I will freely confess that what I don’t know about college football is a lot, but even as casual a follower as myself could not pass up a headline purporting to get at the heart of the dilemma of Notre Dame football’s continuing decline. Here I thought the blame could lie with ND’s reluctance to flout recruiting guidelines or its determination to maintain some legitimate claim on the notion of an authentic athlete-scholar program, insisting on offering football scholarships to kids who had a decent shot at graduation. Alas, my ignorance proves out. What’s wrong at ND has nothing to do with what’s wrong overall with the cynical marching band of hypocrisies at the heart of “college” football, it’s all just a reflection of the declining church in America. Here’s Gary Andrew Poole in Time magazine:
“In Notre Dame’s glory days, Catholic secondary schools were prime recruiting centers. Priests and nuns would ask for prayers for ‘the boys’ on Saturdays and would encourage their best athletes to attend Notre Dame. But many forces, including abuse by priests, have damaged American Catholicism and crippled the parochial school system. Nearly 1 in 5 Catholic schools in the U.S. has closed its doors this decade. Combine that with a more secular society, a more competitive college-recruiting environment and Notre Dame’s tough admissions requirements, and it has become more and more difficult for the school to field a team capable of competing for a national championship.”

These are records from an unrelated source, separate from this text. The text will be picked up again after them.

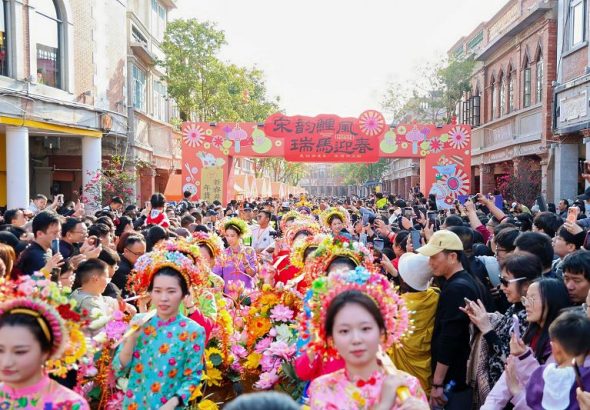 2月19日，福建泉州開啟「迎番貨」踩街活動。圖為頭戴「簪花圍」的蟳埔女挑擔沿街售賣。
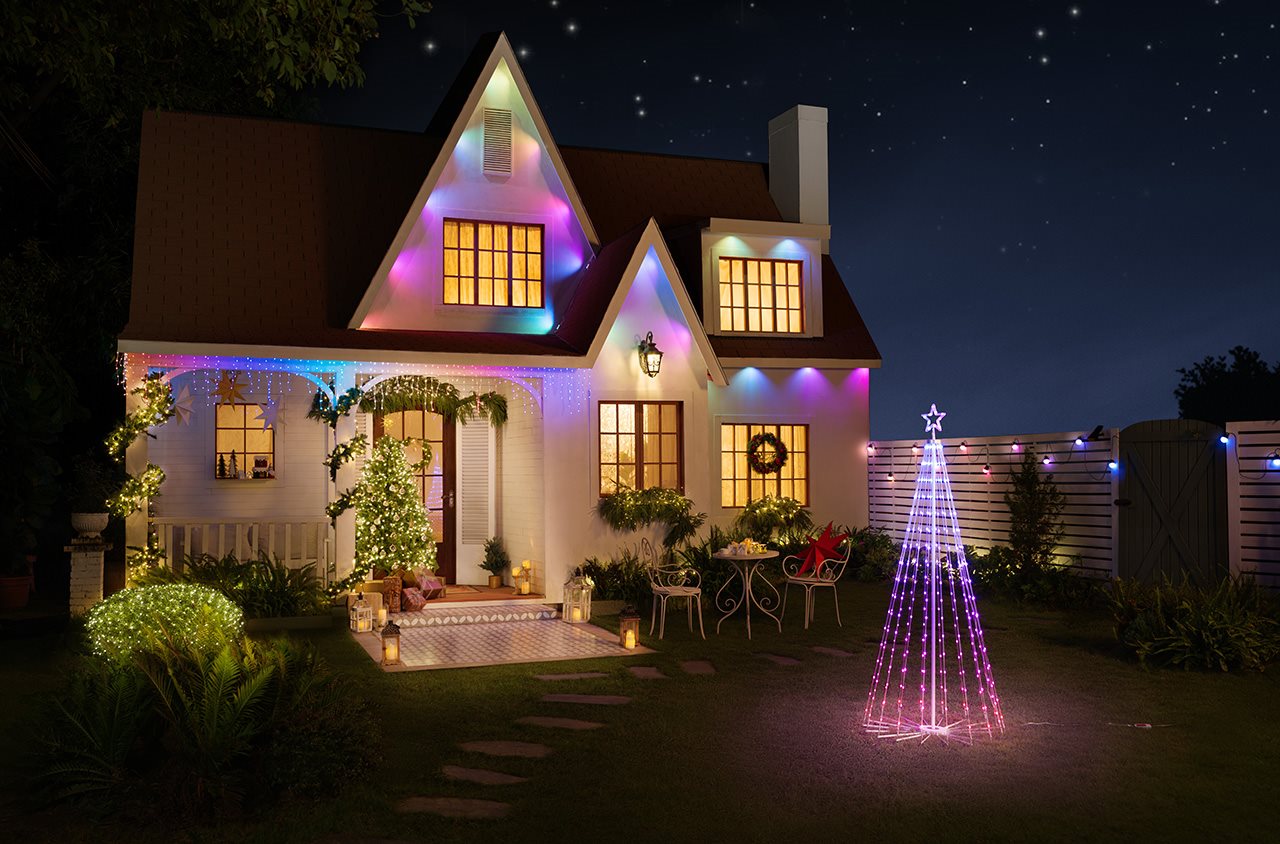Outdoor lighting on a house and outdoor tree made of lights.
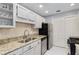 Well-lit kitchen boasts stainless steel appliances, granite countertops, and ample storage space at 303 Gettysburg Pl, Atlanta, GA 30350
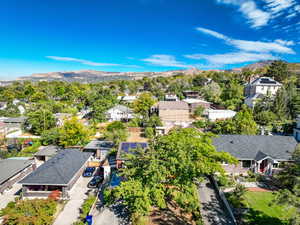 Aerial perspective of suburban area with a mountainous background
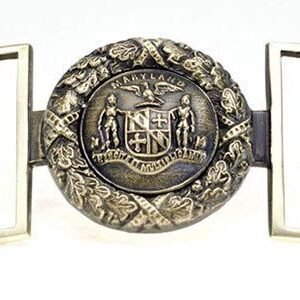 A belt buckle with the coat of arms on it.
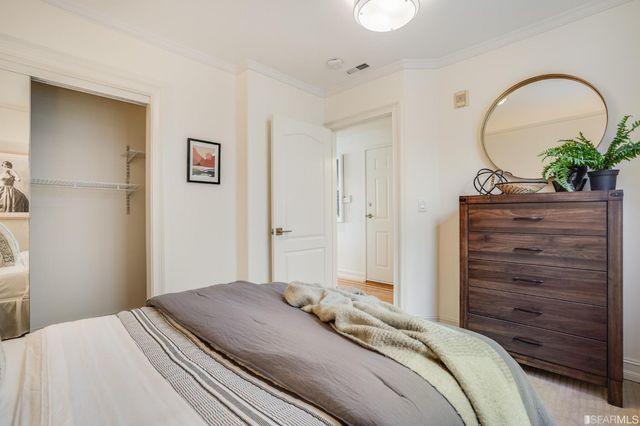 a bedroom with a bed and a dresser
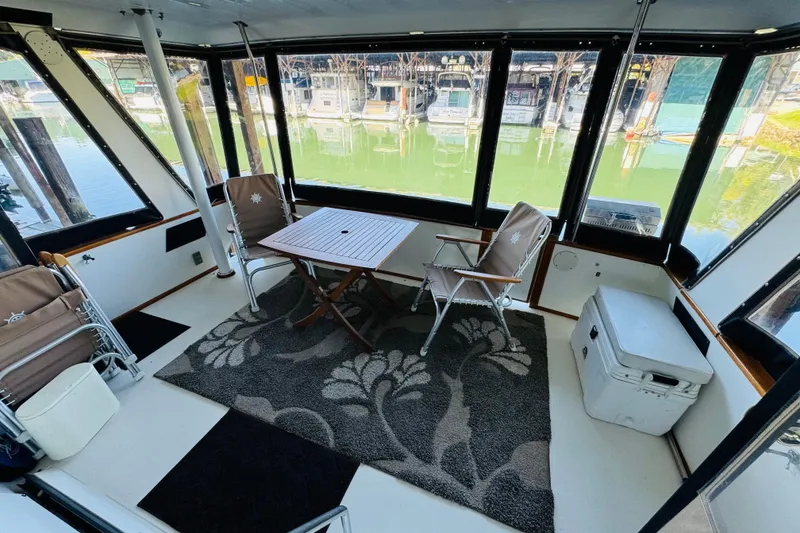 Slide: The Image of 1988 Sea Ray 415 Aft Cabin interior with chairs, table, and marina view. - 14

The sex abuse crisis certainly has hurt the church and the end of the affordability of the parochial system has driven a huge number of Catholic families away from the closing doors of many a Catholic elementary, but I think the era of sturdy Catholic-ethnics manning the offensive line at ND ended quite a while ago. Can ND’s losing record really be laid at the feet of the sex abuse crisis, etc. or is there a more Occam’s razor-friendly culprit? The whole system of college football seems based on a fraud that Notre Dame is not willing to embrace just to ensure a national championship. Maybe Time should devote some, well, time, to reviewing that angle of the problem before attributing even Catholic football’s decline on the church’s internal troubles, many and profound though they be. When I would play football with some friends after my parochial school day ended, we called that piling on.